Google pointed to the portions of its brief in the Gonzalez case that address the Henderson test. In short, Google tries to distinguish the actions of a search engine, social media site, or chat room that display snippets of third-party information from those of a credit reporting site, such as the one discussed in Henderson.
In the case of a chat room, Google says that although the “operator provides the organization and layout, the underlying posts are still third-party content,” meaning they would be covered by Section 230.

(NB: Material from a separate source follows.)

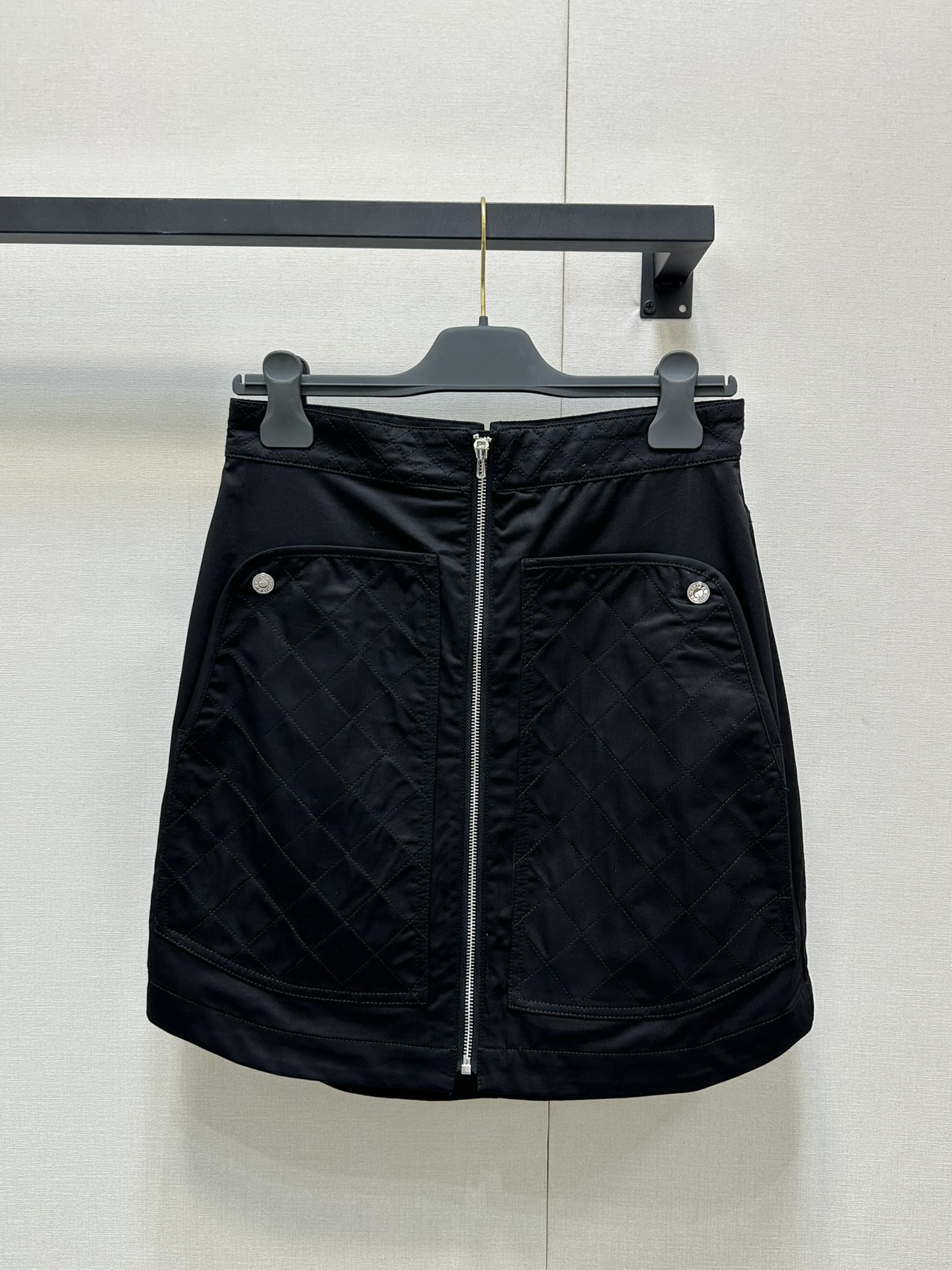 NO:334219,25Ss early spring new style, one-piece zippered large pocket skirt, original development!  High-end production!  It is fashionable and handsome in age!  Customized logo buttons, full of details, super strong style and temperament, A and cool, the original custom fabric is light, soft, delicate and super comfortable!  , the classic style is not picky and the upper body looks slim!  A must-have for white, rich and beautiful women!  3 colors spot SML big-ticket real shot, skirts, alexander wang1986090925Ss早春新款 一片式拉链大口袋半身裙 原版开发！高版出品！减龄时髦又帅气！定制logo扣子 细节设计感满满超强版型气质又A又飒,原版定制面料轻盈 质感柔软细腻超舒适！,经典不挑人版型上身巨显瘦！白富美必备！3色 现货 SML大货实拍,,skirts,alexander wang,Women's clothing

“In contrast, Section 230(c)(1) does not exclude liability where a credit reporting website fails to provide users with its own required statement of consumer rights,” Google wrote. “Although the site also publishes third-party content, the failure to summarize consumer rights and provide that information to customers is the site’s sole action.”
Google also said that 230 would not apply to a site that “requires users to share allegedly illegal preferences,” such as B. those that would violate the Housing Act. This is because by “making a material contribution to [the content’s] unlawfulness, the site endorses and is responsible for that content,” said Google, citing the 2008 Fair Housing Council of San Fernando Valley v. Roommates.com case.
Google Concession Concerns
Section 230 experts processing the Supreme Court’s arguments were stunned by Google’s attorney’s decision to so vociferously support Henderson. In trying to understand it, several suggested it might have been a strategic decision to show the judges that Section 230 is not a limitless free pass for technology platforms.
But Google went too far with that.
Cathy Gellis, who represented Amici in a brief filed in the case, said at the Progress Chamber’s briefing that Google’s attorney probably wanted to try to illustrate the line of where Section 230 applies and where it doesn’t, but “by making it endorsed so far, probably more than we expected and certainly more than Amici would have necessarily signed.”
Corbin Barthold, Internet policy adviser at Google-backed TechFreedom, said in a separate news conference that the idea Google might be trying to promote with Henderson’s support isn’t necessarily a bad idea in and of itself. He said they seemed to argue that even if you use a definition of publication like Henderson, organizing information is part of what platforms do, because “there’s no such thing as just conveying information.”
But with this argument, according to Barthold, Google’s lawyer “threw a kind of hostage to luck”.
“Because if the court then doesn’t buy Google’s argument that there really isn’t a distinction to be made here, it could go in a bad direction,” he added.
Miers speculated that Google may have considered the Henderson case to be relatively safe because it was an alleged violation of the Fair Credit Reporting Act and not a question of a user’s social media post.
“Perhaps Google’s attorneys were looking for a way to show the court that Section 230 immunity has limits,” Miers said. “But I think this invites some pretty problematic readings into Section 230 immunity testing, which may have pretty irreparable results for future internet litigation.”